Note that though my friend was using a Windows machine, one of the beauties of
using perl is that this, (completely free), solution will work just as well on
Linux, BSD, Unix or OS X boxes.
Anyway, here goes...
-------------------------------------------------------------------------------
Hey Fitz
I was looking on your site for that search-and-replace script you mentioned
to me... I have a few websites that I'll need to make site-wide changes to,
and being able to use something like that would be a big help.
I couldn't find it up on your site though, did I miss it?
Cliff
-------------------------------------------------------------------------------
Cliff,
You may live to regret asking me this question, as you're about to enter the
murky world of Unix, (actually gnu more precisely), and perl, which people tend
to love or loathe. I haven't put the stuff up on my site because it's not quite
fit for general consumption. That said, I've attached some scripts that should
get you up and running.
Here's your mission, should you choose to accept it, (hopefully this isn't as
daunting as it first looks):
1) Go to: http://www.cygwin.com
2) Follow the "Install Now" link. Download and run the setup program.
3) The default setup instructions should work fine, (Pick any of the ftp servers
when it asks where to download the packages from. The download will take a
while - this is essentially a whole new O/S you're installing on top of Windows).

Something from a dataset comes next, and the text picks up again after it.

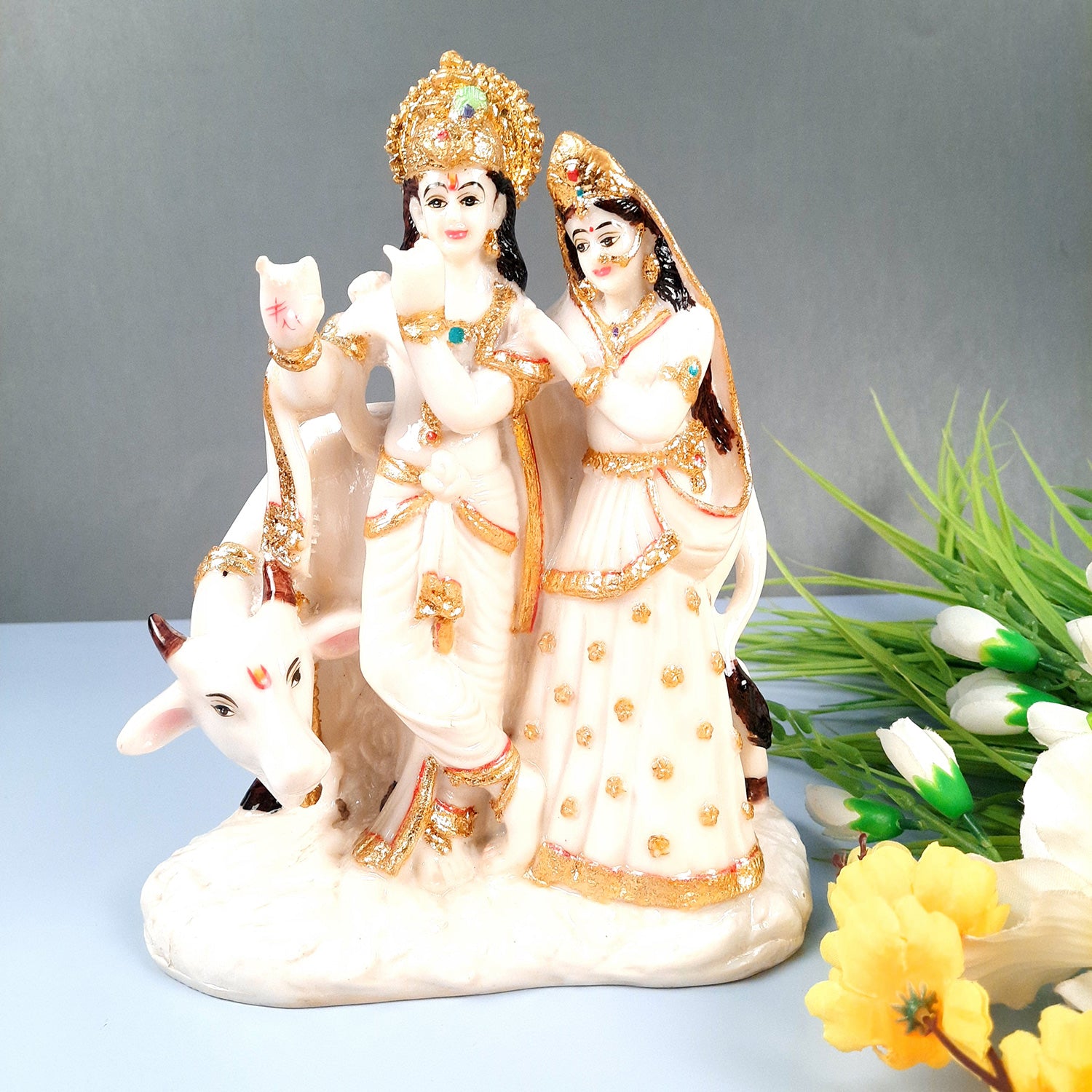 Radha Krishna Idol Statue Showpiece | Radhe Krishna Marble Look Murti - For Home Décor, Living Room, Mandir, Temple, Pooja, Table, Office & Gifts - 11 Inch - Apkamart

4) Unzip the attached script files and save them in the "bin" directory of the
Cygwin installation, (e.g. C:\cygwin\bin, if you installed in C:\cygwin).
5) The cygwin installation should put a cygwin icon on the desktop.
Double-clicking it should bring you to a funny looking command prompt. Welcome
to the Unix command-line!
6) Type runperl.sh and hit enter. This will give you a description of the
parameters you need to enter to use my runperl.sh script.
Basically you need to tell it the folder that holds the original files you want
to process, the new folder to hold modified files, the type of file to process,
(e.g. "*.html" for all html files), and the search/replace script you want to
run. You should make sure the new folder exists before you run the script. Any
sub-folders of the main folder are searched for files to process, and the folder
structure is recreated automatically within the new folder.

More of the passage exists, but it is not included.